Don’t get “too relaxed” when working

You may be working from home, but during work hours, you should be not “feeling” at home.

Close that Netflix tab. This is no time to watch that new series that came out last week. Put on some good music to help you be more effective at programming and isolate yourself from anything that hasn’t to do with your job — just as you would do if you were at the office. Virtual meetings are still meetings, and you should be on time. You should take breaks, but not more than those you were taking when working on-premises.

During working hours, your colleagues rely on you, whether you are at home or on-premises. You really don’t want to be a person who gives the impression to his/her peers that you can only concentrate when under supervision of the fear of being caught slacking.

Remember; You are still at the office — you are just not inside the company’s building anymore. Lack of professionalism is evident, no matter the physical space you operate in.

Look after your physical health

Sure, you are a developer, so your day job involves sitting on a chair all day, so it should be the same thing now that you’re working from home, right?

Wrong!

If you are keeping a close track of your time while in the office, you will see that no matter how dedicated and focused you are, there are times that you leave your office chair and do other things. Those activities may include going to do some pair programming with another colleague, attend a meeting, going for lunch, or just have a break. At those times during the day, your body is getting off the chair, and all of your muscles are being used for something more than just clicking and typing.

Now all of this is gone, and you don’t have any incentive to get off the chair for any other reason other to eat (which will only take you to the next room) or when nature calls.

Since you don’t have any commuting time, you have an excellent chance to put some exercise in your daily schedule. Whether it’s waking up one hour early and go for a jog, or just do one hour of exercise when you finish work, exercising is essential right now. You don’t want to gain weight because you are stuck in the house all day, and you certainly don’t want a quarantine to make you physically lazy.

You should always exercise no matter the circumstances, but during these days, it’s more crucial because it’s one of the few things that will keep your body in shape.

Let alone the fact that it will clear your mind, too.

If you are in a state/country that allows going out for exercise during the quarantine and you have the luxury of living in a not so crowded place, I suggest preferring a bit of jogging instead of indoor activities. It’s better for your mental health since you don’t have many other reasons to go out anyway.

Oh, and it’s an excellent time to improve your diet, too.
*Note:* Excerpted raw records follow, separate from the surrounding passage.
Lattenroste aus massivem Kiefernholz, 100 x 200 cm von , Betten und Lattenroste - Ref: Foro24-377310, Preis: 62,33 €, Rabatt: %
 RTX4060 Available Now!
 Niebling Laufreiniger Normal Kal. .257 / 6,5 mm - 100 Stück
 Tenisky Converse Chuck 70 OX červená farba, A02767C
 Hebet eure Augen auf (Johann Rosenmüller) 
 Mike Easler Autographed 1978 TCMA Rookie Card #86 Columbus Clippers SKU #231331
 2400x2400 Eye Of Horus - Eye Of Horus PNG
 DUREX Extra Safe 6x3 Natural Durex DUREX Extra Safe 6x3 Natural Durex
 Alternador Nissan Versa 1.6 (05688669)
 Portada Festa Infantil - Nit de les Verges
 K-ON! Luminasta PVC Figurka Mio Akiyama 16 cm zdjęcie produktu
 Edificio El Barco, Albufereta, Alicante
During the quarantine, it’s very tempting to sit inside and eat all day ( I speak from experience ). But it’s also much easier to have a stricter eating schedule, so I would advise following the latter approach.

Conclusion

Developers are few of the luckiest professionals during this era. The nature of Software Development allows us to work from anywhere and do anything, provided that we have an Internet connection.

The quarantine changed a lot in our everyday lives, and we are not yet aware of the longterm financial, social, and professional implications it will have.

Don’t let that detract you from the fact that you are still developing the same projects as before, collaborating with the same team as previously, and that your body still has the same needs as before the quarantine. Equip yourself, therefore, with the necessary mental and physical tools.